Maureen is 16. She was told to leave it alone—the band of bloody garnets and real gold her older sister kept in the jewelry box in the back of her keepsake drawer. A boy had given it to her—her first real ring—but then he moved away.
For two days Maureen has hidden the ring beneath a band-aid. It is flesh-colored. It allows her to sit with her sister at dinner, unsuspected.
Maureen tries everything she can think of to get it off: soap, olive oil, Vaseline—even canola oil because she thought the lightness of it might mean it’s more slippery. She tries icing her hand and heating it up, hours of twisting and pulling. She has to stop when she feels her knuckle dislocating. The skin is chafed and raw around the ring. It swells to hold the gold even more tightly.
“Maybe your sister won’t notice it’s missing,” I offer.
Maureen shrugs. “She’ll see it’s gone. She’ll know it was me. She caught me trying it on before.”
“Why doesn’t she wear it?”
“It doesn’t fit.”
This makes us laugh, and I draw her to me. I kiss her and paw at the outside of her sweater until she pushes me away.
Maureen tells me the boy is coming back from far away to visit. Her sister will want the ring.
“But it doesn’t fit,” I say.
“She’ll wear it on a chain around her neck. She did it the last time he came back.”
So we go to the mall. There’s a jewelry store there, and we think that maybe they have a cream, some trick we could buy to remove the ring. The car is Maureen’s, but she always makes me drive. She says a man should never be seen getting driven around by a woman. It’s an old Buick that rattles as we idle at the lights. It stalls if I give it the gas too hard.
“You’ll have to cut it off. It’s the only way,” says the jeweler. He is kindly and old and seems to have encountered this very predicament many times before.
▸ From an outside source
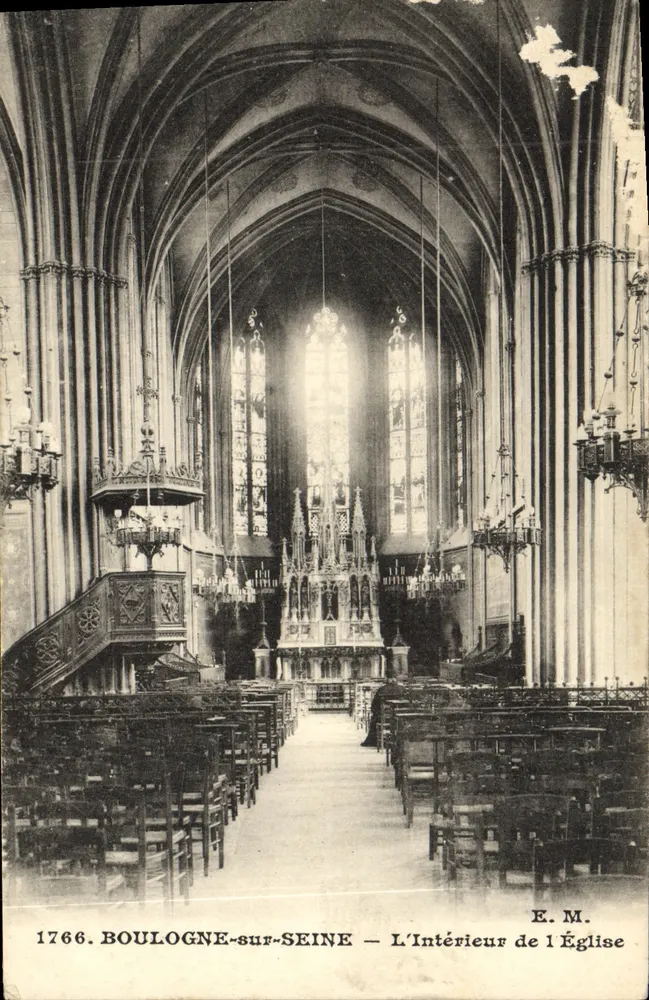 Boulogne-sur-Seine — Das Innere der Kirche — E.M. 1766 - Vorderseite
Maureen winces as he forces the snip between her skin and the gold. When it finally clicks through, a garnet bounces over the display glass. The jeweler pries it apart and she’s free. She wiggles her finger and smiles.
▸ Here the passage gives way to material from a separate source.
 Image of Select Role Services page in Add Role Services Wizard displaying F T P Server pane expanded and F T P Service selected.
The old man has a ring in the case that’s a close match. It has one garnet less, and it’s a size smaller. Maureen says it’s close enough, and I hand over the $64.99 I’d been saving from my paper route. I have it inscribed “To my beloved.”
I slip the ring onto Maureen’s pinky. “Only halfway!” she warns, because now she’s learned her lesson. It seems momentous though—the way slipping a ring on a girl always does. Like there’s a marriage in the gesture.
When we get back to the car, I pull Maureen to me, thinking I’ve got some kind of thank-you coming my way—seeing how I bought her the ring and saved the day and fixed it so her sister would never know. She lets me kiss her, but when I start with her sweater, she pushes me away.
“Not here,” she says. “Not now.”
I look around. The mall parking lot in the deepening dusk has never looked better, but I’ve already been to the edge of this particular fence enough times to know that there are no gaps.
So we get in the Buick, and I start it to rattling. I take her home with the ring on her pinky so she can give it back to the hidden jewelry box, so that her sister can tell the boy she wears it every day—on a chain, because that’s what the girls are doing this year, because that’s how much she loves him.